By connecting to a road spirit, I could sense any number of useful things: upcoming accidents, speed traps, dangerous drivers, you name it. By merging my spirit with the spirit of the road (carefully!) I could know the unknowable.
It’s not as easy as it sounds. The trick was to merge with the road-spirit, but also to retain self-control. Since there are times and places where an accident is looking to happen, it can be useful to be able to spiritually say, “not it!”
ProTip: We might work with spirits, but at the end of the day it’s also necessary to keep control and take responsibility for ourselves.
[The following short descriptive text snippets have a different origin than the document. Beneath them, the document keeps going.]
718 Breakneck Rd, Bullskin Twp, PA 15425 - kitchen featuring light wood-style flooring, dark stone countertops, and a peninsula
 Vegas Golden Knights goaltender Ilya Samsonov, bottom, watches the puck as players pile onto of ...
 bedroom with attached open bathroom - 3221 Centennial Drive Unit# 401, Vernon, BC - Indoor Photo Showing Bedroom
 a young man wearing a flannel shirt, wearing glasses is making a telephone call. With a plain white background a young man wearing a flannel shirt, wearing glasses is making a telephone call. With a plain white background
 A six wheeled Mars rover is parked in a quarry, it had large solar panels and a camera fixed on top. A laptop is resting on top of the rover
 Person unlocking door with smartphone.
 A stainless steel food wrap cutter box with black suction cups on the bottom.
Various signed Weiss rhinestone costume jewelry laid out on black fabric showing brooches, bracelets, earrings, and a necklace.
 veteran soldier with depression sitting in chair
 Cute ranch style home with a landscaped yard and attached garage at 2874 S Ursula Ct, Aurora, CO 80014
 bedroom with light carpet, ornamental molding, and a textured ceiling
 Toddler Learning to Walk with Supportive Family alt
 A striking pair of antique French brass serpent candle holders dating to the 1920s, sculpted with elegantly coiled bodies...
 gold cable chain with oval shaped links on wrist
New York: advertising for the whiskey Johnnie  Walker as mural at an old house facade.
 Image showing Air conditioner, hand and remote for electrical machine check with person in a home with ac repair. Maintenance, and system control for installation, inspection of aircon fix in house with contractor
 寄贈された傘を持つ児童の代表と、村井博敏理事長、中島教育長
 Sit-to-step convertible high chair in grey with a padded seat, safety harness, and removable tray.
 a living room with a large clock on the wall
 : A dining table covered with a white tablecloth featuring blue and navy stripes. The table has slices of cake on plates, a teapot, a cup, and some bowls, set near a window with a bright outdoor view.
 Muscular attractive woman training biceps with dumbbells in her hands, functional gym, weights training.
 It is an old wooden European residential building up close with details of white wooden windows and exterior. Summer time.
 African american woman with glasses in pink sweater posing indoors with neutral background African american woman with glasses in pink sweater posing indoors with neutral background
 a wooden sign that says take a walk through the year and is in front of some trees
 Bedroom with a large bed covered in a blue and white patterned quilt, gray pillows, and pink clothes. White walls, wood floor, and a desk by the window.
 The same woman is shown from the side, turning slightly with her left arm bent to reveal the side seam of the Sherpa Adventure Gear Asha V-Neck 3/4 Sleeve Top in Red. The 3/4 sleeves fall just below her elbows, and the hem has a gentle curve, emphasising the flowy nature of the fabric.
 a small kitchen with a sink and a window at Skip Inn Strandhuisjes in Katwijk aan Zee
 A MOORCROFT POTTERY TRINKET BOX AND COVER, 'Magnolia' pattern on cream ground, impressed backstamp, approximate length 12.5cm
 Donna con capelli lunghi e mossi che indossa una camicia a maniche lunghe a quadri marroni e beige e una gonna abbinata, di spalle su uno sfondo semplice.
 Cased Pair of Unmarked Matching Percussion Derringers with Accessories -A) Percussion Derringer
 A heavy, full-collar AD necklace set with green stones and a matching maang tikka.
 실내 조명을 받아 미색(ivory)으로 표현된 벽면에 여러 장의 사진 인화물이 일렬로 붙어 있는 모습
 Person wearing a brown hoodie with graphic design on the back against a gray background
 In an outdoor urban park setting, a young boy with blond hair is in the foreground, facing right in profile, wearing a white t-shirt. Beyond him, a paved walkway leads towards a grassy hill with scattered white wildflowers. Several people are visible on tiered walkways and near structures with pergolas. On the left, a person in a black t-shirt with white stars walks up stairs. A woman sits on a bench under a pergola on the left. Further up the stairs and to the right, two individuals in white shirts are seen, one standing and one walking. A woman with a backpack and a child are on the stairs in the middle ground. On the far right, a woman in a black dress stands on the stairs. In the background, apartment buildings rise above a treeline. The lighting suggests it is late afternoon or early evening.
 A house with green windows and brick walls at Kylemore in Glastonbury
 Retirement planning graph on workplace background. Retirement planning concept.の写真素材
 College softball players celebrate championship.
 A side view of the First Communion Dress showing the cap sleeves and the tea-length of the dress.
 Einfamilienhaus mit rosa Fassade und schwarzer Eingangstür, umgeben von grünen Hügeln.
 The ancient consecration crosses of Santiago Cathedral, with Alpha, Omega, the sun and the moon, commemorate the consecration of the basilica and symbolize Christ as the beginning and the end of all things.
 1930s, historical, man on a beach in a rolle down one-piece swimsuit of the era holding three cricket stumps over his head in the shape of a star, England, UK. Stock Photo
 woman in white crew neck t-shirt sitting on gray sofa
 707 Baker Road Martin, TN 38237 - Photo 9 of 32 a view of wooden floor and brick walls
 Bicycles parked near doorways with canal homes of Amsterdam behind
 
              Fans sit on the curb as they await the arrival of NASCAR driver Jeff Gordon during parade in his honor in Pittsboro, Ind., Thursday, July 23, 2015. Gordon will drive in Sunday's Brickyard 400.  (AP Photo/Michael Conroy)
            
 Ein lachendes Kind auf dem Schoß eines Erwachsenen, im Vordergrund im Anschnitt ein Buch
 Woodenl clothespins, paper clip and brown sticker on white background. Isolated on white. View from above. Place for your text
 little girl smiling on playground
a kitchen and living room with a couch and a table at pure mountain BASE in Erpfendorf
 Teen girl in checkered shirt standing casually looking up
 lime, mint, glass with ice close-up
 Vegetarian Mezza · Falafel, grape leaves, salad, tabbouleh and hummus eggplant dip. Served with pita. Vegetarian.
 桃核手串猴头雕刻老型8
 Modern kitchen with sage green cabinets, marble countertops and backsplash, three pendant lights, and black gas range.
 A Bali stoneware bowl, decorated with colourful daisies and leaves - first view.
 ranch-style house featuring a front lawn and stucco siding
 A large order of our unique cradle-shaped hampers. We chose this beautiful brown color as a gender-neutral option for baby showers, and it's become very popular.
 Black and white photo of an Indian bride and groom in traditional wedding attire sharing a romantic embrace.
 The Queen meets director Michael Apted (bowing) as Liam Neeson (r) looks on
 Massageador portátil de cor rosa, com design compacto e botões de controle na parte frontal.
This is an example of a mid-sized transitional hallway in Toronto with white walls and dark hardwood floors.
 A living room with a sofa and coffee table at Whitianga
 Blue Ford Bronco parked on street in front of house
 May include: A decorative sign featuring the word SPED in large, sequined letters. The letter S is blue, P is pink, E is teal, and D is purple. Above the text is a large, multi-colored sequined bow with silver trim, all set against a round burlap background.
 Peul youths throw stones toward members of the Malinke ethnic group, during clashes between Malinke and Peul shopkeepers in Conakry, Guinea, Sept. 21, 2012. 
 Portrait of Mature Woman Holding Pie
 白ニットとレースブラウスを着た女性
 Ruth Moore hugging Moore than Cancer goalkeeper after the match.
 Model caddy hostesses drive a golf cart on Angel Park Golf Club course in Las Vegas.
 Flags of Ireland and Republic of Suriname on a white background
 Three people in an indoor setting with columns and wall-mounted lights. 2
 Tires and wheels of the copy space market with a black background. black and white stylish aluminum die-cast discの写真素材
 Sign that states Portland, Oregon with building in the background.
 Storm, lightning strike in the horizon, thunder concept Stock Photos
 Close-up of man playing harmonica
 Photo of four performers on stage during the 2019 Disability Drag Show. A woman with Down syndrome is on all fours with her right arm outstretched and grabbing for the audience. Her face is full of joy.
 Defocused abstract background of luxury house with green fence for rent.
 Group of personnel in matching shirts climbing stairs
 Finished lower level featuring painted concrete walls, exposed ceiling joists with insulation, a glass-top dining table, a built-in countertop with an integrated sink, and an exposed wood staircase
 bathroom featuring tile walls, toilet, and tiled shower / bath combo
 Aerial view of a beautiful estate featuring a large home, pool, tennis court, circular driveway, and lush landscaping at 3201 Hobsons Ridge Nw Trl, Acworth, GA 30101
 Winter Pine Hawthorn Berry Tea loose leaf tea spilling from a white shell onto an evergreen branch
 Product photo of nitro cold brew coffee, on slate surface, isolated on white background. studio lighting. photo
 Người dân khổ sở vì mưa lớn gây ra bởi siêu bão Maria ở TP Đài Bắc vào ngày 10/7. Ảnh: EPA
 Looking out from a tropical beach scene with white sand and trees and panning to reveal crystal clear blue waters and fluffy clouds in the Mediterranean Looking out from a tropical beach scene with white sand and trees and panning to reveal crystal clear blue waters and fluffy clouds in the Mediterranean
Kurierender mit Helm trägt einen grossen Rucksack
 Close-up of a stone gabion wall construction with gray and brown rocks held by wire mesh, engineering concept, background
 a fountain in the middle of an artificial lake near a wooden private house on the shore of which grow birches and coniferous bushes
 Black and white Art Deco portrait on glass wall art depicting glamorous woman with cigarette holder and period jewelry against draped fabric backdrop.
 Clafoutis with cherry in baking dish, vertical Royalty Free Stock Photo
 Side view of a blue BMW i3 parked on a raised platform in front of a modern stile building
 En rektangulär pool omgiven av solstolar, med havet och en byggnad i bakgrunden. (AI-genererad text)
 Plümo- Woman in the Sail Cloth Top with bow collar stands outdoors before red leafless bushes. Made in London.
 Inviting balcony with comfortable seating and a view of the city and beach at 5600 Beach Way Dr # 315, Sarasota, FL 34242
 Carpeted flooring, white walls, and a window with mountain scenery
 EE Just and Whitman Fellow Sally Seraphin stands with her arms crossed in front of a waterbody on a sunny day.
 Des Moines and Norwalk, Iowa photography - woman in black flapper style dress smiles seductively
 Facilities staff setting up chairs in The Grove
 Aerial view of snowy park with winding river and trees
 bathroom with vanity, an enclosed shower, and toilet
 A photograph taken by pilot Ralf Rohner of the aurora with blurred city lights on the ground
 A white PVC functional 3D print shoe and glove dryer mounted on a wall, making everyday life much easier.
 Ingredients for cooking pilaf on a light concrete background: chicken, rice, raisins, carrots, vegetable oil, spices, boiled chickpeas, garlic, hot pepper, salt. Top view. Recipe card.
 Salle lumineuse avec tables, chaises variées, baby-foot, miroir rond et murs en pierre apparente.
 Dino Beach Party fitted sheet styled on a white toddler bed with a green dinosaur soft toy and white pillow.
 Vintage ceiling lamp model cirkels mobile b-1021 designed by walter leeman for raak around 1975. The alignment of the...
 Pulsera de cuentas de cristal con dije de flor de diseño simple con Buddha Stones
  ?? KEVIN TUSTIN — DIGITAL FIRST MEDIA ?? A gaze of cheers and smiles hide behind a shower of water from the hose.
Calibrating Our Perceptions
Most people are decent drivers, so learning to spirit-drive isn’t the most useful skill in the world. I suspect that many people intuitively do something like what I’m describing.
Once I could reliably single out upcoming driving events that were down the road, I began to test my predictions. For developing any “psychic” skill, this is a key part of training. Repeatedly, you need to make a prediction, and then watch to see if it comes true.
Both successes and failures are useful results. In truly developing such skills, it is important to accrue vast quantities of data about your predictions. It is especially important to do this when training any skill that either your life or the lives of others will depend on.
In upstate New York, there are thousands of tiny two-lane highways that are forever being blocked by relatively slow-moving trucks. The roads wind among as well as climb up and down the hills, often driving through tree cover. It’s virtually impossible to find a place to pass.
Now, I didn’t act on these feelings. Instead, I would watch to see what happened. I would “ping” and then I would start timing. I would count, “one one-thousand, two one-thousand, three one-thousand…” until a car came by the other way and it was clear whether my sense was accurate or not.
This wasn’t something I did once, or for an afternoon, or a weekend. It took constant practice to hone my predictions. This type of practice was how I tested all my “psychic” perceptions. It wasn’t about testing to see if they were “real.” It was a method of calibration.
These skills, over time, developed into a much more fluid, intuitive system. These days, I simply know when the roads are “bad” and avoid trouble spots. But it all began with specific perceptions, not simply trusted, but tested and trained for accuracy.
ProTip: Intuition is situational. Learning to spirit-drive might help with learning to avoid other dangers (physical assault comes to mind), but it’s not the same thing. They need to be trained separately. Context always matters.
Messages from the Spirit
Spirit-driving is a cool trick, and it can occasionally save your life. Maybe more important is understanding that we can’t take every intuition at face value “out of the box.”
Though they may “see” differently, our spirits can be as fallible anything else. They can overreact, fail to notice things, be fooled, be tired, or simply fall short of our expectations.
When it comes to dangerous situations, sometimes it’s best to trust your spirit. When your spirit urges you to RUN! that might be exactly what you need to do.
But when it comes to understanding things in the world, I believe that any spirit, even my own, needs to pony up evidence. Trust needs to be built over time.
ProTip: When it comes to messages from the spirit, it’s important to distinguish between verbal messages and nonverbal ones. In my experience, the nonverbal ones tend to be much more immediate and accurate.